Hamlet in the Litter Box

Talking with friends about cats, of all things, I said, I kind of enjoy scooping the litter box. This raised doubting eyebrows. No, really, I said. It's like a Zen garden.

One of my friends told me, "scooping litter is not like a Zen garden" full stop.

I didn't protest, didn't know how to press my case, and was in no mood to argue with friends. But tonight, Hamlet came to me: "for there is nothing either good or bad, but thinking makes it so." I felt immediately better though not about litter.

I was scooping litter, but I was thinking about the big project my work partner and I have taken on. The number of people who have told me I'm crazy, I might as well be Hamlet tearing pages from the books. "Words, words, words."

This afternoon, I believed them. Madness for sure, a project simply too large. Impossible. Hopeless. I'm not making any progress. My conclusions have been off the mark. I don't deserve the trust others have invested in me. I was almost set to pack it in, declare it a failure, declare me a failure. I could have called the whole thing a prison were I thinking of Hamlet then. But it didn't come until I was sifting the litter.

That's when the words came. Some of them. I've memorized less Shakespeare than I'd like. Scooping litter, my mind remembered, nothing either good but thinking makes it so.

I smiled at a clump of litter. Shook my head and laughed a little thinking what my friends might think watching me. I scooped the litter clean, smoothed it, drew a curve in it with the edge of the scoop, and smoothed it away.

Thinking makes it so. Nothing bad or good but thinking makes it so.

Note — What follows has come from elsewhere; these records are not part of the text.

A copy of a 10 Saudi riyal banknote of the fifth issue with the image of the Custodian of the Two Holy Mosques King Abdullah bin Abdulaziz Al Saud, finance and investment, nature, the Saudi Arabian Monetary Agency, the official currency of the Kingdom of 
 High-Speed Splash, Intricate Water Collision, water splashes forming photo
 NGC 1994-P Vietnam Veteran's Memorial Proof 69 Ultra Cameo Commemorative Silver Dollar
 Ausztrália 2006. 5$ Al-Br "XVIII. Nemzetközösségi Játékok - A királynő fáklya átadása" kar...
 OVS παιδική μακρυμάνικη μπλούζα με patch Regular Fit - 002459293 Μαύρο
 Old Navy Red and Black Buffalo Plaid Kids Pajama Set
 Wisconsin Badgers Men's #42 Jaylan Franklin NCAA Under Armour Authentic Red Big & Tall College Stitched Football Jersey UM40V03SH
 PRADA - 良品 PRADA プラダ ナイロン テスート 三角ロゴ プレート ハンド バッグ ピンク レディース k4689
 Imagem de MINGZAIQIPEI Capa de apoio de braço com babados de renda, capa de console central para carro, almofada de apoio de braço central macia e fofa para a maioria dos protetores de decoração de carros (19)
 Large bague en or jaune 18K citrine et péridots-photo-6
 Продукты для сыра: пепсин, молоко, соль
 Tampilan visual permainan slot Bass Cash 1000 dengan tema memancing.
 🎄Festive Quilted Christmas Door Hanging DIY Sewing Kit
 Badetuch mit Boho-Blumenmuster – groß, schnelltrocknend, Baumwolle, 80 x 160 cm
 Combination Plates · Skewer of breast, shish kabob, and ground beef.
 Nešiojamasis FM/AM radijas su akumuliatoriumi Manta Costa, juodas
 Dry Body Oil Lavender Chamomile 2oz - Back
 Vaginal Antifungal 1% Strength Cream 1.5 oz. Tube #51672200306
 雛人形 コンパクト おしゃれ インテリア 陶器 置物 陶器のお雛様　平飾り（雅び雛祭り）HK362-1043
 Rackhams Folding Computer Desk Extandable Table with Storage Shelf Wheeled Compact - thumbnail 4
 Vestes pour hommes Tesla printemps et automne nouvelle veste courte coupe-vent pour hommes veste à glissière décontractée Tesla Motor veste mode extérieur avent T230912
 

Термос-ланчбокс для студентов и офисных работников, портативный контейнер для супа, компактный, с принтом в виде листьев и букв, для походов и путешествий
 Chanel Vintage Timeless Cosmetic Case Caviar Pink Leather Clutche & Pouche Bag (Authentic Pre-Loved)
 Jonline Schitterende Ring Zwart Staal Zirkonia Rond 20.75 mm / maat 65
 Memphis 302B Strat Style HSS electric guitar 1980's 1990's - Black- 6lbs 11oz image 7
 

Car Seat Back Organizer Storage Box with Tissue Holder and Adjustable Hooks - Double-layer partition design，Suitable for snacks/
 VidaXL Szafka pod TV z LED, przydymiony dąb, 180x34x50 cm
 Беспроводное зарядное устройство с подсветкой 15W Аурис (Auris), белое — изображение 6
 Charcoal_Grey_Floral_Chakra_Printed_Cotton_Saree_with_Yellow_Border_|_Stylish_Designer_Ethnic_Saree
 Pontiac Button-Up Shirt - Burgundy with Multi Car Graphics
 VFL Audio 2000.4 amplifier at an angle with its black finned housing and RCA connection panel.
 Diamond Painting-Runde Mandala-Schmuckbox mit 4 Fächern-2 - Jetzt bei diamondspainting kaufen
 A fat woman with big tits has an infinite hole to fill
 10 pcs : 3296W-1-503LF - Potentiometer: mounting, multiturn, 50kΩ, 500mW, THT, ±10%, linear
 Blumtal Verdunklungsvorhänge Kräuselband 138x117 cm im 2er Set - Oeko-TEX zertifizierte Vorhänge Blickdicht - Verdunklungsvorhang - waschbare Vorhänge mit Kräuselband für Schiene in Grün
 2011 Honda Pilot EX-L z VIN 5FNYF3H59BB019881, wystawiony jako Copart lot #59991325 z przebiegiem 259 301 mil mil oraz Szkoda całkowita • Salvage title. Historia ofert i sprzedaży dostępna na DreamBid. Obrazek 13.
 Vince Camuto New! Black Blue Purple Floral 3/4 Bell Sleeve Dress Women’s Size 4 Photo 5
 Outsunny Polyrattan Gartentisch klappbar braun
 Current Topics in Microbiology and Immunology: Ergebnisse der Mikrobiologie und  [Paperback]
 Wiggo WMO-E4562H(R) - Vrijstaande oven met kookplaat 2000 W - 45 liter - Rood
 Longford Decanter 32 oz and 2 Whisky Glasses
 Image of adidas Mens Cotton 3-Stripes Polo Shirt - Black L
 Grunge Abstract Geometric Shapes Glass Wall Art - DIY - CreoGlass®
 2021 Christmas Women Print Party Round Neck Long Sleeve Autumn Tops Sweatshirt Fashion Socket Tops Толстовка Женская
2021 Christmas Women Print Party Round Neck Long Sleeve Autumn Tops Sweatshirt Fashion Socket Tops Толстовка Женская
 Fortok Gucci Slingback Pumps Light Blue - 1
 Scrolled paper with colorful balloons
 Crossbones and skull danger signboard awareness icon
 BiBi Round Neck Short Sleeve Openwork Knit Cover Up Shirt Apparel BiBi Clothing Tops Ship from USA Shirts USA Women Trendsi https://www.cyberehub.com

Perhaps the work project will prove more than I'm able. This afternoon, thinking made it seem so. Tonight, the litter box clean, a small grin still at play on my face, I'm thinking it otherwise. Denmark may have been Hamlet's prison. A litter box may not be a Zen garden. But the wind has just turned southerly and, mad as I may seem to have taken this project on, I just may yet know a hawk from a handsaw.